Pension funds invest in various market sectors but usually a high portion of assets are tilted toward equities. This means that they have suffered a great deal over the past few years because they have been paying benefits from reduced overall investment values, depleting reserves. Now many schemes are so far behind that they will never catch up.

If you had a personal nest egg which had declined in recent years and you left it invested, by now you would have caught up again and be moving ahead. If you were drawing from your nest egg then perhaps you would have been wise to have divested out of equities.

Last week I looked at two periods in the US _ October, 2007, and now _ when the Dow Jones Industrial Average topped 14,000 points, and the differences in the overall situation at each of these time points, including economic and market factors. It follows from that little study that there seems to be no clear direction we are headed in, and it is a tricky matter to make decisive moves with an investment portfolio that will secure definite ongoing protection.
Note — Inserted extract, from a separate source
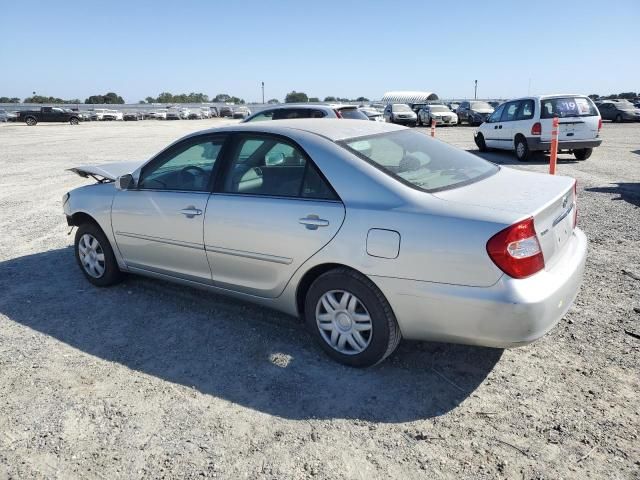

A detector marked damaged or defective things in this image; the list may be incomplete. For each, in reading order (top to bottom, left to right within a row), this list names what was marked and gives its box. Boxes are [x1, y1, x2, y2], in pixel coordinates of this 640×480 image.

One area that deserves consideration is precious metals, particularly gold. We all know that gold is a subjective investment. Looking at the history of this elemental substance reveals volatile movements in its value over the years. However, when you actually compare it against almost any currency it has grown in value. Gold tends to be a hedge against inflation.

Now let's turn to "fiat currency" _ the issuance of legal tender, a longstanding tradition of many civilisations. Rome initiated coinage nearly 2,000 years ago which was pure silver. Some 40 years later it was deemed that coins of 94% silver were permissible, and after a further 200 years 43% silver was acceptable. This is devaluation in its simplest form.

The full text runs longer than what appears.